Offenders may receive property from specific outside sources, including approved vendor catalog purchases. (Dkt. # 97, Exh. 3, Attach. A, WCC Field Instruction 440.00 Offender Personal Property). This policy applies to WCC specifically and requires inmates to order items from an already approved list of vendors which include: Amazon.com; Harper Collins Publishers; Intercontinental Book Distributors; and Prison Legal News. Id. The institution has a set list of vendors allowed to send items to inmates to ensure the safety and security of the institution. Id. The purpose of the approved list it to limit the amount of contraband being smuggled into the institution. Id. Family and friends may purchase items for the inmate; however, those items still need to be delivered by the approved vendor. Id. Any products that are mailed by an unapproved vendor are rejected with a notice going to the inmate informing him of why the item was rejected. (Id., Exh. 3, Attach. B, DOC Policy Directive 450.100, Mail for Offenders, p. 8). The inmate has the opportunity to have that rejection appealed and ultimately overturned by the Superintendent's designee or the Regional Administrator.
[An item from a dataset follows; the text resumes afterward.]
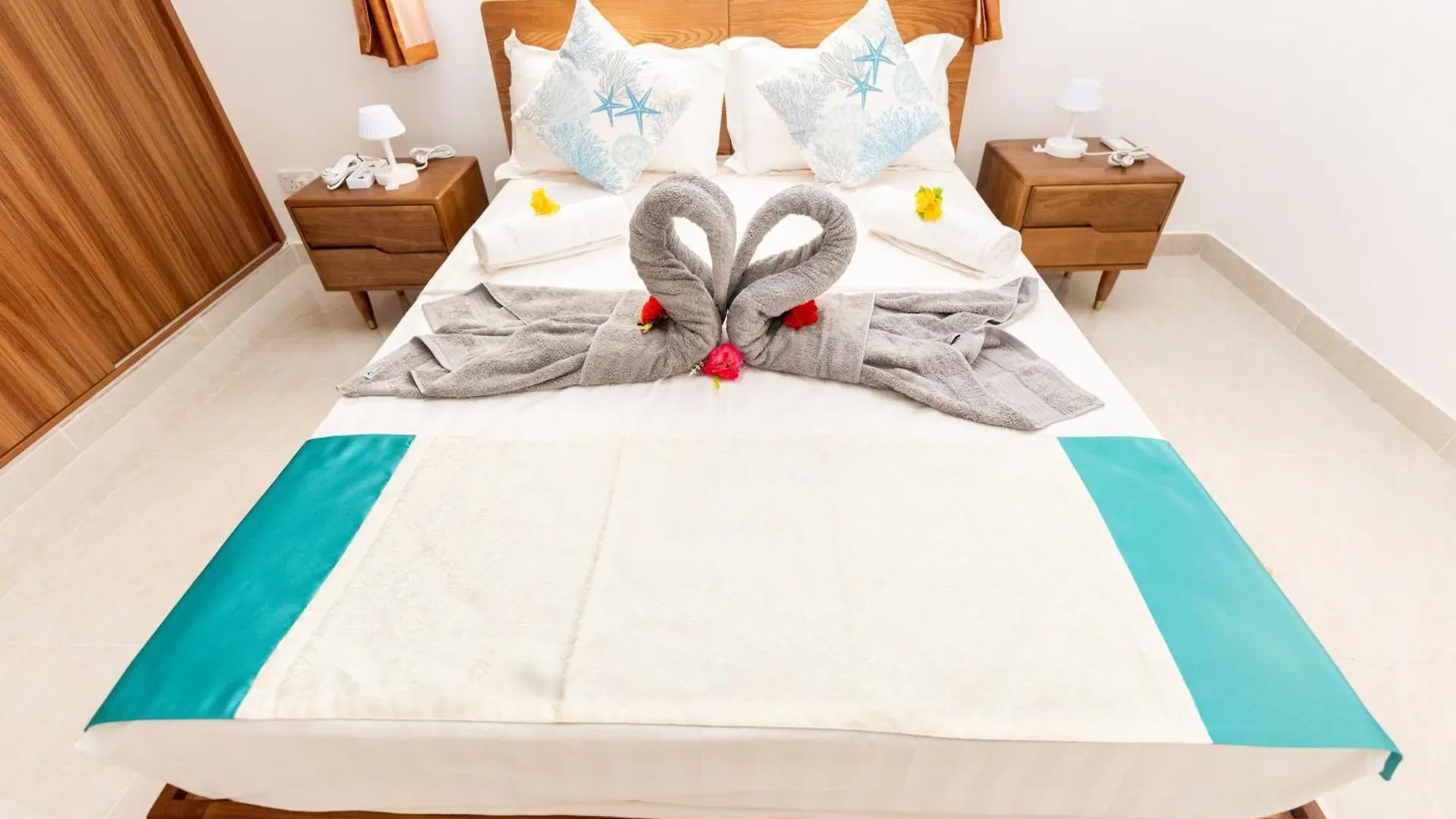 Sun And Sea Self Catering Apartment Beau Vallon   Beau Vallon (Mahe)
Id.

Defendants argue that Plaintiff's reliance on Crofton v. Roe is inapposite as that case stands for the proposition that the DOC may not prohibit an individual from receiving gift publications. (Dkt. # 97, p. 12). In this case, Defendants submit, DOC did not prohibit Plaintiff's publications from entering the facility because they were gifts. Id. Whether they are paid subscriptions or gifts, they were prohibited because they were not from approved vendors. (Id., Dkt. # 10, Exh. 2, 3).
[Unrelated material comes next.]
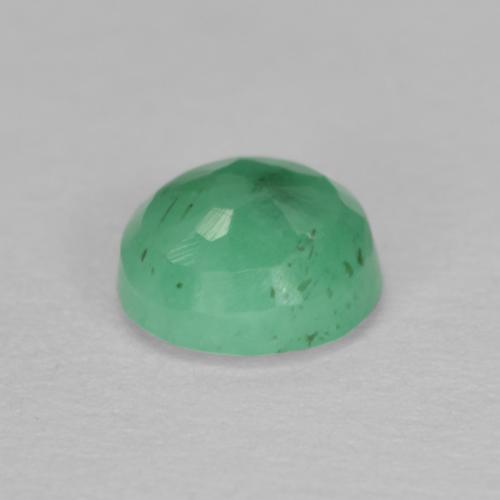 0.74カラットの天然ピスタチオグリーンエメラルド（5.99 mm・ラウンドカット）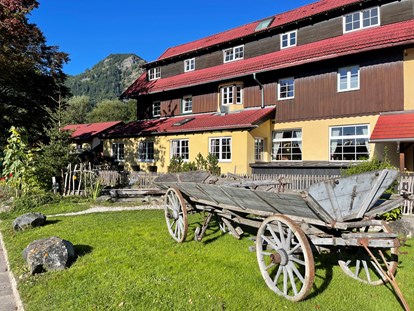Hotels und Ferienwohnungen im Oberallgäu - Hotel Wiesengrund - Herzlichkeit in Bad Hindelang im Allgäu - Hotel Wiesengrund - Herzlichkeit in Bad Hindelang im Allgäu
A prisoner's right to receive publications from outside the prison should be analyzed in light of the Turner factors. See Morrison v. Hall, 261 F.3d 896, 901-02 (9th Cir. 2001). Thus, it must be determined whether the vendor policy at issue is reasonably related to a legitimate penological interest and the court should consider (1) whether there is a valid, rational connection between the regulation and the interest used to justify the regulation; (2) whether prisoners retain alternative means of exercising the right at issue; (3) the impact the requested accommodation will have on inmates, prison staff, and prison resources generally; and (4) whether the prisoner has identified easy alternatives to the regulation which could be implemented at minimal cost to legitimate penological interests. Turner v. Safley, 482 U.S. 78, 89-91 (1987); Frost v. Symington, 197 F.3d 348, 354 (9th Cir. 1999).

Prison officials may not prohibit receipt of gift publications when sent directly from the publisher. Crofton v. Roe, 170 F.3d 959, 961 (9th Cir. 1999). Prison officials may not prohibit receipt of subscription publications even when sent bulk rate or third or fourth class mail. Morrison v. Hall, 261 F.3d 896, 901-02 (9th Cir. 2001); Prison Legal News v. Cook, 238 F.3d 1145-1151 (9th Cir. 2001).

However, courts have upheld prison regulations prohibiting inmates from receiving catalogs and non-subscription bulk mail. Dixon v. Kirby, 210 F. Supp. 2d 792, 799 (S.D. W.V. 2002), aff'd, 48 Fed. Appx. 93 (4th Cir. 2002) (prison regulation prohibiting catalogs); Smith v. Maschner, 899 F.2d 940, 944 (10th Cir. 1990) (catalogs). In addition, in the Ninth Circuit, security interests and increased administrative costs to the prison (for alternative mail sorting procedures requested by the inmate) justify prison regulations regarding efficient processing of inmate mail. O'Keefe v. Van Boening, 82 F.3d 322, 325 (9th Cir. 1995). In Allen v. Wood, 970 F. Supp. 824, 832 (1997), the Washington State Penitentiary's prison regulation on the restriction of catalogs was found to be constitutional as there were available alternative means of access to the catalogs.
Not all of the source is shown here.